La provincia di Brindisi ha bisogno di un accordo di programma sottoscritto in sede di Governo e che veda coinvolte le istituzioni locali, la Regione Puglia, le associazioni di categoria e le organizzazioni sindacali. Per Confindustria – così come ribadito nel consueto incontro di fine anno – è proprio questa la strada da seguire, tanto più dopo aver lavorato per rimuovere ostacoli e incomprensioni che in passato hanno contraddistinto i rapporti tra i singoli attori territoriali (nel corsod ella conferenza stampa il presidente Gabriele Lippolis ha parlato anche della crescita ottenuta da Confindustria Brindisi nel 2021, con 60 nuove aziende associate, tra cui due quotate in borsa, oltre al ritorno di Aeroporti di Puglia).

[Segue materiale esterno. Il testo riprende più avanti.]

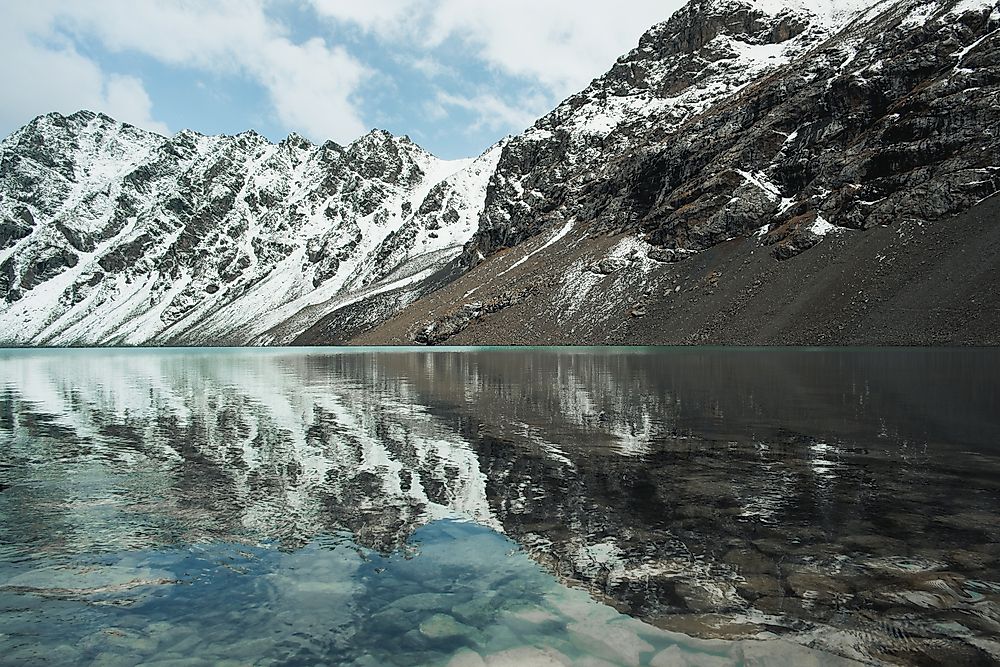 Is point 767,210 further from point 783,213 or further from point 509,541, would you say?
point 509,541

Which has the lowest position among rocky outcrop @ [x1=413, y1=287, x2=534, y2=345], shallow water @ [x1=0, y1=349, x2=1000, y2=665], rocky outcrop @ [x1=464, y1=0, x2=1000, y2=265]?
shallow water @ [x1=0, y1=349, x2=1000, y2=665]

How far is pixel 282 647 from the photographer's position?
5895 mm

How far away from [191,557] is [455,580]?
354cm

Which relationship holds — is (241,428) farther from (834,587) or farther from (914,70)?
(914,70)

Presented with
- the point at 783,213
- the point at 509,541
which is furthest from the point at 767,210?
the point at 509,541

Una scelta, quella dell’accordo di programma, assolutamente condivisibile, anche se potrebbe non bastare per ridare speranze a questo territorio.

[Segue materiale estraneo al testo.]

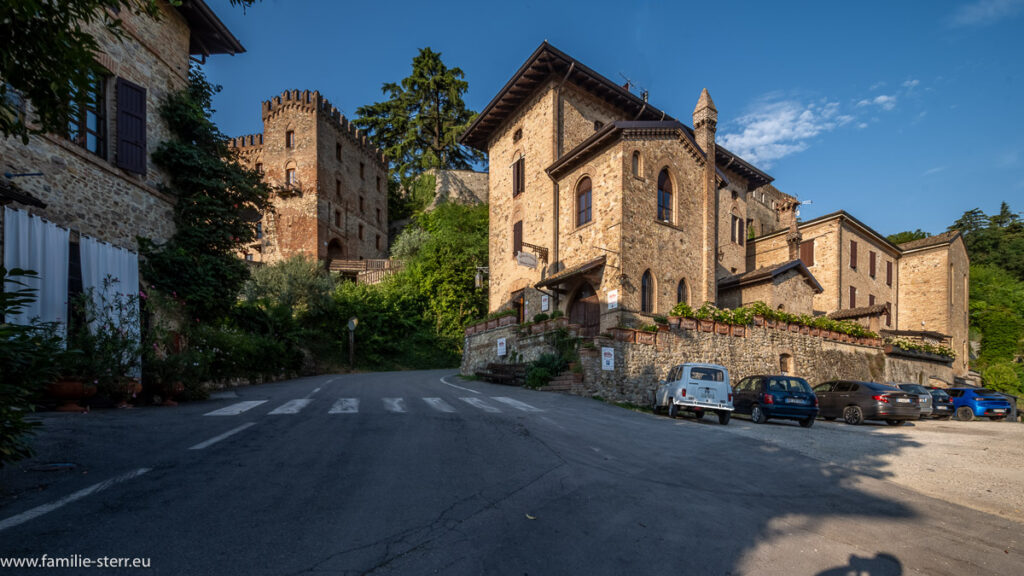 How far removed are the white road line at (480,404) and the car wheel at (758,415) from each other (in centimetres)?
826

Il quadro di partenza, infatti, è particolarmente desolante. Il Contratto Istituzionale di Sviluppo Brindisi/Lecce è fermo nei cassetti del Ministero competente e anche se venisse varato conterrebbe interventi inefficaci sul piano della crescita economica ed occupazionale di quest’area. La ZES adriatica, nata con lo spirito di attuare interventi immediati ed efficaci, è ferma dal 2017 e nel frattempo – per accontentare tutti – è stata annacquata ed estesa ad un territorio troppo vasto. Il tutto, mentre si litiga anche sulla nomina del commissario.

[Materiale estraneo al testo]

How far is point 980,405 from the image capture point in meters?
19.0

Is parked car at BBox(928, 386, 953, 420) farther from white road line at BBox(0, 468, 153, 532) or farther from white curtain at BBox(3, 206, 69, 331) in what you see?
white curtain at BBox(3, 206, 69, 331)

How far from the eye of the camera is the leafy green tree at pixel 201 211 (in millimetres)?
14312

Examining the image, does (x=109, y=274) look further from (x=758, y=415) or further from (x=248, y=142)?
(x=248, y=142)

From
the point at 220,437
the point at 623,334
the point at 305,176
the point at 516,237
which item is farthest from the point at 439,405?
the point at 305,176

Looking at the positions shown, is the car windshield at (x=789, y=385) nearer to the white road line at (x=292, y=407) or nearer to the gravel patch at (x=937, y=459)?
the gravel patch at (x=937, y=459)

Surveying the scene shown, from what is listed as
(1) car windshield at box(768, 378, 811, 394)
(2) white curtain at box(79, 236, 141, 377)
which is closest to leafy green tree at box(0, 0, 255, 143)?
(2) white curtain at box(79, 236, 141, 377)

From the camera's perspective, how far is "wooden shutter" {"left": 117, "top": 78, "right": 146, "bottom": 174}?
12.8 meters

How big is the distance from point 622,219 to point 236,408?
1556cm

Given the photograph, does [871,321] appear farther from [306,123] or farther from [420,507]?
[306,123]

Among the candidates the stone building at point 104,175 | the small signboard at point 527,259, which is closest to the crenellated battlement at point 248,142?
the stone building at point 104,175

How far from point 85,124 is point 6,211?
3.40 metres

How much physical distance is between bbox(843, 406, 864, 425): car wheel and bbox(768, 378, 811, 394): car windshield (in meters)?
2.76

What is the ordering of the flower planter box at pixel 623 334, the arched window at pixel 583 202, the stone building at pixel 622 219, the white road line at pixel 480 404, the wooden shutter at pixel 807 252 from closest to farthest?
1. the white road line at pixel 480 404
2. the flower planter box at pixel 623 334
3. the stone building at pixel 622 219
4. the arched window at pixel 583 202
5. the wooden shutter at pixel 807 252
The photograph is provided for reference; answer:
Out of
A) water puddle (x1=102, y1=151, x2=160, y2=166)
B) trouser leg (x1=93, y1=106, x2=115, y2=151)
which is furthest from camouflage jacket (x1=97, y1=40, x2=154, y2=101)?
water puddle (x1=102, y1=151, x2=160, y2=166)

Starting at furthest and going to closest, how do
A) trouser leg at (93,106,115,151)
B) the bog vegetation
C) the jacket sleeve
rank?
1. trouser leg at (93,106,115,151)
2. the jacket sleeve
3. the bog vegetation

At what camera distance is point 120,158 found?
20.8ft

Le zone franche doganali, invece, rischiano di rimanere delle scatole vuote se i proponenti non le riempiranno di contenuti, a partire da Enel Logistic che se n’è vista riconoscere una sulle aree di propria pertinenza.
Occorre, insomma, una “vision” riguardante lo sviluppo. E bisogna far presto, perché nel frattempo i processi di decarbonizzazione stanno provocando danni occupazionali assai preoccupanti e la chiusura di numerose aziende. E preoccupa allo stesso livello la crisi del comparto aeronautico, visto che i riverberi della crisi mondiale del trasporto aereo rischiano di ripercuotersi sugli anelli più deboli e quindi sulle aziende di componentistica come quelle che insistono nel Brindisino.
Ci si sieda, pertanto, intorno ad un tavolo. Sapendo, però, che non basterà chiedere l’intervento del Governo senza prima condividere possibile forme di sviluppo alternativo di questa provincia.